(Records from a data collection)
────────────────
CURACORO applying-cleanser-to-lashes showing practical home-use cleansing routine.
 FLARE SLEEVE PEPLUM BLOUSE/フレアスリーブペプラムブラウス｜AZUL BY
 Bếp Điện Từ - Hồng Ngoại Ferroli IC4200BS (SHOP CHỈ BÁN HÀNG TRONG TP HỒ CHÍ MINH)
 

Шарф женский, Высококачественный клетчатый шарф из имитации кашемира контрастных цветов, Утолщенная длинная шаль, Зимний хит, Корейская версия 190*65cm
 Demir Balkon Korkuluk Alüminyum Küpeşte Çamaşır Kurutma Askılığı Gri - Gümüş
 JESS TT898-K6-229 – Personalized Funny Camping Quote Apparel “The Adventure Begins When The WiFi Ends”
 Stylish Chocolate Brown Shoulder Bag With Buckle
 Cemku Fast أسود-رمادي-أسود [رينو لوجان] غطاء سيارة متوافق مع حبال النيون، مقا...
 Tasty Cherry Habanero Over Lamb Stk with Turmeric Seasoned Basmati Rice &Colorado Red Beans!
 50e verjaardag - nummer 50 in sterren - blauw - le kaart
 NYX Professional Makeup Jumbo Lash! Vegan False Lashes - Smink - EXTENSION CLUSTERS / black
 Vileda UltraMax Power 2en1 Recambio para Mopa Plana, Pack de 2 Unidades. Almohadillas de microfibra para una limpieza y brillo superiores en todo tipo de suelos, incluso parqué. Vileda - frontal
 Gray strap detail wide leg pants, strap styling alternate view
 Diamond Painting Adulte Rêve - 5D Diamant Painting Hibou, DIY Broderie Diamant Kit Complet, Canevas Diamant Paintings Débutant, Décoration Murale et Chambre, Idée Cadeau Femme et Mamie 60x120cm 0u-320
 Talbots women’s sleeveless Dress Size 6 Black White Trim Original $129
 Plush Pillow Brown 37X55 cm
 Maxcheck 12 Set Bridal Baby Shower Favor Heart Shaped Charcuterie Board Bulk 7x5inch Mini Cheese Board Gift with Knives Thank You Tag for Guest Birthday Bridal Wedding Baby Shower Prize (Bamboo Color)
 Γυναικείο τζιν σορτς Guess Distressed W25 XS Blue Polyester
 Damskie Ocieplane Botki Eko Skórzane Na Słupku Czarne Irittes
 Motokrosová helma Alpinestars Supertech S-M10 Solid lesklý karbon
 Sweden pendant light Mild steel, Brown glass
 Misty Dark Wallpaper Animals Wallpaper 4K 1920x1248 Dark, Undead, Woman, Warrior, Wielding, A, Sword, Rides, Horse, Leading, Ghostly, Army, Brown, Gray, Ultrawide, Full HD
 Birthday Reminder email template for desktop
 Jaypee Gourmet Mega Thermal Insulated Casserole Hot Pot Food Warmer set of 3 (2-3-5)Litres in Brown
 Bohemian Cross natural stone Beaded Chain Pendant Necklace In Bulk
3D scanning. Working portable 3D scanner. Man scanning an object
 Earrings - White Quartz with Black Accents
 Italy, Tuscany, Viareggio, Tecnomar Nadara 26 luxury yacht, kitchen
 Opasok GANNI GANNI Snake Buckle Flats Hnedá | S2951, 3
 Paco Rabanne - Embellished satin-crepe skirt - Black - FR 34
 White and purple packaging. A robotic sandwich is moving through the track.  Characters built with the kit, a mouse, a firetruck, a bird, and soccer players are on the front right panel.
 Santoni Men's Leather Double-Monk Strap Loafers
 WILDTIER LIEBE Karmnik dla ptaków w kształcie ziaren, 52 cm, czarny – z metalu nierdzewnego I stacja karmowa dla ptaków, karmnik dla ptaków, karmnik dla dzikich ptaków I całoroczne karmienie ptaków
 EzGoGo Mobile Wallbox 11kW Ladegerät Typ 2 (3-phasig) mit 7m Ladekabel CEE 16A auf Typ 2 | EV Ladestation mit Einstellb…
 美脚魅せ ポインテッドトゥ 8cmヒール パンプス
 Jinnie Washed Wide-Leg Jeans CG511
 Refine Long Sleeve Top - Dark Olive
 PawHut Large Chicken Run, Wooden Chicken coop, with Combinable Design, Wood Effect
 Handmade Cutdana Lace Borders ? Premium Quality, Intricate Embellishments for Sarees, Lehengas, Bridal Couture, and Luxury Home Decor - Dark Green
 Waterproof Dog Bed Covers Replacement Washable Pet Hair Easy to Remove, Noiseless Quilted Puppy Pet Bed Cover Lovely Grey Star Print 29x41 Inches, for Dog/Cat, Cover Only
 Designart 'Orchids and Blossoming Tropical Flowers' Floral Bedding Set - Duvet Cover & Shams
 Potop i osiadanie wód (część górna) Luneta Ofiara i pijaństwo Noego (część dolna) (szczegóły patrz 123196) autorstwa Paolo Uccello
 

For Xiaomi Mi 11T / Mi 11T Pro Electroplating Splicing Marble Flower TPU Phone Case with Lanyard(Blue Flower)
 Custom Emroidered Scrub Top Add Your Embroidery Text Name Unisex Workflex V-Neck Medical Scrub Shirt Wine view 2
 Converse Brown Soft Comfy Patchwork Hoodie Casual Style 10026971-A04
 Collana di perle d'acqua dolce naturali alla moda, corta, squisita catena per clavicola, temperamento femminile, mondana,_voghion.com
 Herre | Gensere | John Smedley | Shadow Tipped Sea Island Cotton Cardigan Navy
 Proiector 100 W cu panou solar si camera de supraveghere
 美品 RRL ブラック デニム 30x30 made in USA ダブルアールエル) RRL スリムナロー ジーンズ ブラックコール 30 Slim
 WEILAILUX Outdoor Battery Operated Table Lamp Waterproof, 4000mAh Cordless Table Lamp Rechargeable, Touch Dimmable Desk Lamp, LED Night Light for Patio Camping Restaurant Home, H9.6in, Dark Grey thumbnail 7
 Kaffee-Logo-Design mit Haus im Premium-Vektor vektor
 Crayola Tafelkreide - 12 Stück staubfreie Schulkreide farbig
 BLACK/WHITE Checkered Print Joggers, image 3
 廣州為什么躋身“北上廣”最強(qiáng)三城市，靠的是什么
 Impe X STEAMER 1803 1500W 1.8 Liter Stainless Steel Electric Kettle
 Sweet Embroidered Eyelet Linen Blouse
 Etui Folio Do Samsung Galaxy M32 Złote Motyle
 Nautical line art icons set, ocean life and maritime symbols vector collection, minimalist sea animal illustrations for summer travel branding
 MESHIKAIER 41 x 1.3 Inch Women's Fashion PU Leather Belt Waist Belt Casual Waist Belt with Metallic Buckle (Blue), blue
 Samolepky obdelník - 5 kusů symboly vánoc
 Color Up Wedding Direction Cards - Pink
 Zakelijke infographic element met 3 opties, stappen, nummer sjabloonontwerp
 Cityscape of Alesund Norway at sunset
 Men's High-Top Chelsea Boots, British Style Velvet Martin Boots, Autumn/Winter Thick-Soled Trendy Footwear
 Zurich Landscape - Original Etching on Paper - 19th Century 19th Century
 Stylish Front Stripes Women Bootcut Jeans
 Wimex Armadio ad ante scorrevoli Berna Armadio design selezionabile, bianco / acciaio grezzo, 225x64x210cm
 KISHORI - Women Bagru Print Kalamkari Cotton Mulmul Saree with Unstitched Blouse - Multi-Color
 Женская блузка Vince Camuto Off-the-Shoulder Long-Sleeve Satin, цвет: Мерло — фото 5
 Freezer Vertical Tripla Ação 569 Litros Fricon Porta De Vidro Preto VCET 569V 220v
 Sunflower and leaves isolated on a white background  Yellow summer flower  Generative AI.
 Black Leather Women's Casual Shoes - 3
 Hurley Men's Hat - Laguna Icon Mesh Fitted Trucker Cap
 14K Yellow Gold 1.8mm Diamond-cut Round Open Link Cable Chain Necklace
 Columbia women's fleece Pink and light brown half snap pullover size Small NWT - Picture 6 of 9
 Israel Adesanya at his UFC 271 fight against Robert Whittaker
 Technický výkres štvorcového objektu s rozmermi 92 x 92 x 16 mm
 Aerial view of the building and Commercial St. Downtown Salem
────────────────
WHAT TO PRODUCE: The lines to extract from the data above begin with the line containing "Crayola Tafelkreide - 12" and end with the line containing "Cityscape of Alesund Norway at sunset". Extract them exactly, including both.

SOLUTION FOR THIS TASK:
 Crayola Tafelkreide - 12 Stück staubfreie Schulkreide farbig
 BLACK/WHITE Checkered Print Joggers, image 3
 廣州為什么躋身“北上廣”最強(qiáng)三城市，靠的是什么
 Impe X STEAMER 1803 1500W 1.8 Liter Stainless Steel Electric Kettle
 Sweet Embroidered Eyelet Linen Blouse
 Etui Folio Do Samsung Galaxy M32 Złote Motyle
 Nautical line art icons set, ocean life and maritime symbols vector collection, minimalist sea animal illustrations for summer travel branding
 MESHIKAIER 41 x 1.3 Inch Women's Fashion PU Leather Belt Waist Belt Casual Waist Belt with Metallic Buckle (Blue), blue
 Samolepky obdelník - 5 kusů symboly vánoc
 Color Up Wedding Direction Cards - Pink
 Zakelijke infographic element met 3 opties, stappen, nummer sjabloonontwerp
 Cityscape of Alesund Norway at sunset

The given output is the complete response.